Your instructions: Please reproduce the listing below exactly, leaving out every picture.

Raw data:
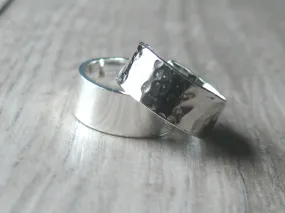 Wide Sterling Silver Toe Ring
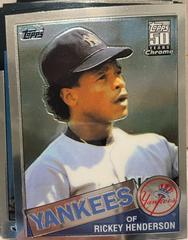 Rickey Henderson [1985 Reprint] Baseball Cards 2001 Topps Chrome Traded Prices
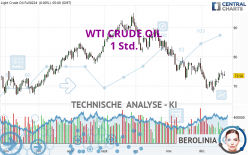 WTI CRUDE OIL - 1H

Task output:
 Wide Sterling Silver Toe Ring
 Rickey Henderson [1985 Reprint] Baseball Cards 2001 Topps Chrome Traded Prices
 WTI CRUDE OIL - 1H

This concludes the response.